Until recently, there were only two texts by Foucault explicitly on Nietzsche.
1. ‘Nietzsche, Freud, Marx’, Cahiers de Royaumont, VI, 1967, pp. 183-200. (The note in Dits et écrits says this was from a symposium at Royaumont in July 1964.)
2. ‘Nietzsche, la génealogie, l’histoire’, in Hommage à Jean Hyppolite, Paris: PUF, 1971, pp. 145-72.
Both texts are reprinted in Dits et écrits and appear, among other places, in volume 2 of Essential Works. There is also the discussion of Nietzsche in the first of the ‘Truth and Juridical Forms’ lectures given in Rio in May 1973 (in Dits et écrits and Essential Works, Volume 3).
Now, with the publication and translation of Lectures on the Will to Know, we have the text of a lecture from April 1971, given at McGill University. This lecture is given as an appendix to the course from the Collège de France, and stands in place of missing material. Part of the lecture of 16th December 1970 and the whole of the 23rd December 1970 lecture were on Nietzsche and are missing from the manuscript. The course editor Daniel Defert thinks this is because the pages were removed to be used as the basis for a lecture elsewhere. But not presumably the McGill lecture, which he says is only identifiable because of an additional page at the top, summarising key themes, written on hotel notepaper.
In his editorial material, Defert notes that Foucault lectured on Nietzsche at the University of Vincennes in the winter of 1969-70; then at SUNY Buffalo in March 1970, and then at McGill in April 1971. (In Buffalo Foucault also lectured on de Sade, lectures that are now published in La grande étrangère, on ‘What is an Author?’ and “the search for the absolute in Bouvard and Pécuchet”). Defert suggests that the outcome of these Nietzsche lectures “will be the long article: ‘Nietzsche, Genealogy, History’” (LWK 264/268).

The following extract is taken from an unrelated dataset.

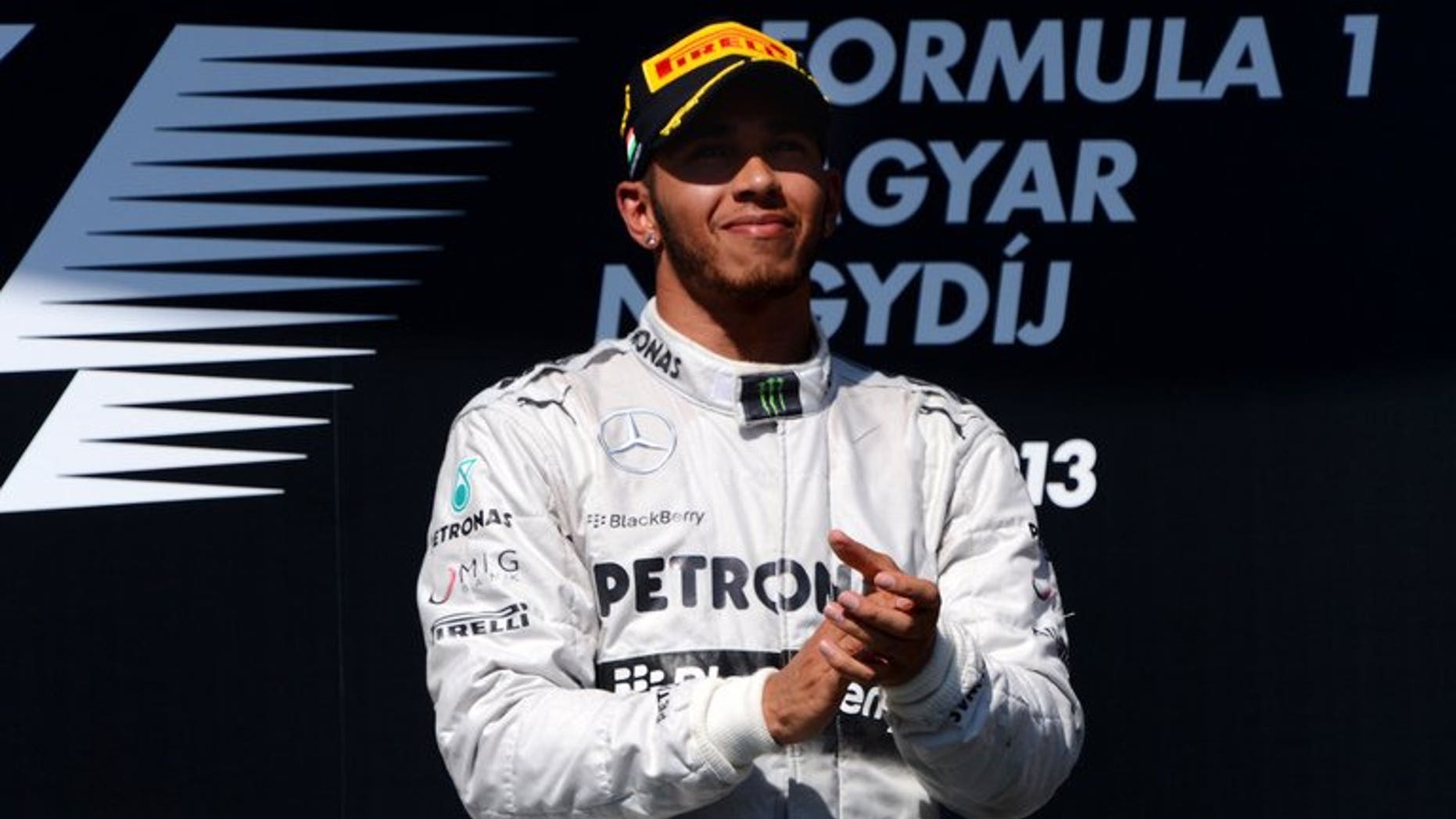 Mercedes' British driver Lewis Hamilton celebrates on the podium at the Hungaroring circuit in Budapest on July 28, 2013. Hamilton's faith in Mercedes was repaid by a victory that will give him the momentum to mount a title bid in the second half of the Formula One season, according to team chief Ross Brawn.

Winter 1969-70 is late 1969 and early 1970, but in Dits et écrits Defert notes that Foucault gave a course on ‘Nietzsche and Genealogy’ in February 1969 – the previous academic year (Vol I, p. 34). He also notes that the tribute to Hyppolite, at the École Normale Supérieure, was held on 19th January 1969. This led to the Hommage à Jean Hyppolite volume, of which Foucault wrote the foreword (Dits et écrits text 67), and contributed a chapter, ‘Nietzsche, Genealogy, History’ (text 84). The ‘foreword’ was originally published in Revue de métaphysique et de morale, Vol 74 No 2, 1969, pp. 131-6.
So, here are the three questions.
1. Did Foucault give two lecture courses at Vincennes, one in early 1969, and one in late 1969-early 70?
2. What was Foucault’s contribution to the 1969 Hyppolite tribute event? Was it ‘Nietzsche, Genealogy, History’, or the text that became the ‘foreword’, or something else?
3. For what lecture did Foucault remove the 16 and 23 December 1970 manuscript pages from the Collège de France course?
With the first question, it’s possible that there was only one course, or that it was repeated. With the second question, if he gave a lecture on Nietzsche at the event, then it pre-dates other known lectures, with the exception of ‘Nietzsche, Freud, Marx’, and so wasn’t the outcome of those other lectures, but their predecessor. If it wasn’t ‘Nietzsche, Genealogy, History’ when was that text written? For the third question, on the basis of what we currently know, it’s unclear but the most likely candidate is the 21 May 1973 lecture in Rio – because the SUNY Buffalo lectures preceded the Collège de France course; while the McGill one appears to be different.
Here’s what it means in terms of the chronology:
19 January 1969, tribute to Hyppolite at the École Normale Supérieure
February 1969, lecture course on Nietzsche at University of Vincennes – unpublished
Winter 1969-70, lecture course on Nietzsche at University of Vincennes – unpublished
March 1970, lecture on Nietzsche at SUNY Buffalo – unpublished
16 Dec 1970, part of lecture on Nietzsche, Collège de France – removed from ms., now missing, presumed lost
23 Dec 1970 lecture on Nietzsche, Collège de France - removed from ms., now missing, presumed lost
April 1971, Lecture at McGill – ‘How to think the history of truth with Nietzsche without relying on truth’ (in Lectures on the Will to Know)
? 1971 ‘Nietzsche, Genealogy, History’ published in Hyppolite volume.
21 May 1973, ‘Truth and Juridical Forms’ lectures in Rio begin – the first lecture is very close to the McGill lecture of April 1971 (and to the Collège de France lectures from December 1970?).
Any additional information, or corrections, would be appreciated.